» PROBLEM TO SOLVE: Each line of the material below needs to be returned exactly as written.

-------- DATA SHOWN --------

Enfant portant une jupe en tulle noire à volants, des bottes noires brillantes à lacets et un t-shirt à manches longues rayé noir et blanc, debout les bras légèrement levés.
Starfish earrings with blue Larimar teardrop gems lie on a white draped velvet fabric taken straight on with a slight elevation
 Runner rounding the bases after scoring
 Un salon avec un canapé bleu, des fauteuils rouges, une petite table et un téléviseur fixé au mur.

--------

» RESULT FOR THIS TASK:
Enfant portant une jupe en tulle noire à volants, des bottes noires brillantes à lacets et un t-shirt à manches longues rayé noir et blanc, debout les bras légèrement levés.
Starfish earrings with blue Larimar teardrop gems lie on a white draped velvet fabric taken straight on with a slight elevation
 Runner rounding the bases after scoring
 Un salon avec un canapé bleu, des fauteuils rouges, une petite table et un téléviseur fixé au mur.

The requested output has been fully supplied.